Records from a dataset
---

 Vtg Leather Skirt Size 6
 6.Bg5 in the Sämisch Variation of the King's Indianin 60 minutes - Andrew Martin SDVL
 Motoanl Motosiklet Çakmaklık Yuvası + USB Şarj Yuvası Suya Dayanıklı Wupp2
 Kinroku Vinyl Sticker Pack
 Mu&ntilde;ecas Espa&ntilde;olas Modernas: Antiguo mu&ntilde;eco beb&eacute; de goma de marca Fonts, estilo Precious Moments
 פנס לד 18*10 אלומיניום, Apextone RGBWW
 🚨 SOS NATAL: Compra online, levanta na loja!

---

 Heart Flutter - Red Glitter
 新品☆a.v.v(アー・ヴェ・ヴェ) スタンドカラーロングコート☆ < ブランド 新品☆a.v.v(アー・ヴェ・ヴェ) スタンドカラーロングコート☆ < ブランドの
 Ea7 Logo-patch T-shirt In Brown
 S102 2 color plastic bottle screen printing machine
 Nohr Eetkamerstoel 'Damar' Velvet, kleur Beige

---

▶ [AIM OF THE EXERCISE] Starting at the line that contains "Motoanl Motosiklet Çakmaklık" and stopping after the line that contains "levanta na loja!", write out every line exactly as it appears above, and no other line.

▶ [WRITTEN ANSWER]
 Motoanl Motosiklet Çakmaklık Yuvası + USB Şarj Yuvası Suya Dayanıklı Wupp2
 Kinroku Vinyl Sticker Pack
 Mu&ntilde;ecas Espa&ntilde;olas Modernas: Antiguo mu&ntilde;eco beb&eacute; de goma de marca Fonts, estilo Precious Moments
 פנס לד 18*10 אלומיניום, Apextone RGBWW
 🚨 SOS NATAL: Compra online, levanta na loja!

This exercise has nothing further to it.